Record excerpts section start
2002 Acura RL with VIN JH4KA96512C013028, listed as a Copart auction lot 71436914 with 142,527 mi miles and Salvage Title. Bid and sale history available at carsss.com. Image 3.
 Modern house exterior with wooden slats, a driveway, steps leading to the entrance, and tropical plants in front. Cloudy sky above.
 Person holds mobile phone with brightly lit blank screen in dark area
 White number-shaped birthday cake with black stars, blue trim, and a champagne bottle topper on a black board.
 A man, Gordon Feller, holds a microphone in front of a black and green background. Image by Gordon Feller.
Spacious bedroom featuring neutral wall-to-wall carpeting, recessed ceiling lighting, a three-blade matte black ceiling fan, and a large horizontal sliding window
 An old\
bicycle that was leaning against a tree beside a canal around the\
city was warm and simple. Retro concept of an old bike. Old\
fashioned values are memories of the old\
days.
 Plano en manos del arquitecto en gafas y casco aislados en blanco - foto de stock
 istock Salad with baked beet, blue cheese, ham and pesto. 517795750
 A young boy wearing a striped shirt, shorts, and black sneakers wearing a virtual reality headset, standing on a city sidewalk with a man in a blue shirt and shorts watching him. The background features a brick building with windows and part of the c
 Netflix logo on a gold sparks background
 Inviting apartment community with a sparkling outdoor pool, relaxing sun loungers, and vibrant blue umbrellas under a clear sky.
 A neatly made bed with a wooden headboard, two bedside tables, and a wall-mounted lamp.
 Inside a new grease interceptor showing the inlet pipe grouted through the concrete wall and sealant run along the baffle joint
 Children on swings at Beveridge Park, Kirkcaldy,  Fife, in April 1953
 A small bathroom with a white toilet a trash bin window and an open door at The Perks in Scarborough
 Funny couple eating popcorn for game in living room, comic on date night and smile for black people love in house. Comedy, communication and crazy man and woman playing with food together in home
Record excerpts section end
§ Exercise goal
Repeat the data exactly, with every line included.

§ Response to the task
2002 Acura RL with VIN JH4KA96512C013028, listed as a Copart auction lot 71436914 with 142,527 mi miles and Salvage Title. Bid and sale history available at carsss.com. Image 3.
 Modern house exterior with wooden slats, a driveway, steps leading to the entrance, and tropical plants in front. Cloudy sky above.
 Person holds mobile phone with brightly lit blank screen in dark area
 White number-shaped birthday cake with black stars, blue trim, and a champagne bottle topper on a black board.
 A man, Gordon Feller, holds a microphone in front of a black and green background. Image by Gordon Feller.
Spacious bedroom featuring neutral wall-to-wall carpeting, recessed ceiling lighting, a three-blade matte black ceiling fan, and a large horizontal sliding window
 An old\
bicycle that was leaning against a tree beside a canal around the\
city was warm and simple. Retro concept of an old bike. Old\
fashioned values are memories of the old\
days.
 Plano en manos del arquitecto en gafas y casco aislados en blanco - foto de stock
 istock Salad with baked beet, blue cheese, ham and pesto. 517795750
 A young boy wearing a striped shirt, shorts, and black sneakers wearing a virtual reality headset, standing on a city sidewalk with a man in a blue shirt and shorts watching him. The background features a brick building with windows and part of the c
 Netflix logo on a gold sparks background
 Inviting apartment community with a sparkling outdoor pool, relaxing sun loungers, and vibrant blue umbrellas under a clear sky.
 A neatly made bed with a wooden headboard, two bedside tables, and a wall-mounted lamp.
 Inside a new grease interceptor showing the inlet pipe grouted through the concrete wall and sealant run along the baffle joint
 Children on swings at Beveridge Park, Kirkcaldy,  Fife, in April 1953
 A small bathroom with a white toilet a trash bin window and an open door at The Perks in Scarborough
 Funny couple eating popcorn for game in living room, comic on date night and smile for black people love in house. Comedy, communication and crazy man and woman playing with food together in home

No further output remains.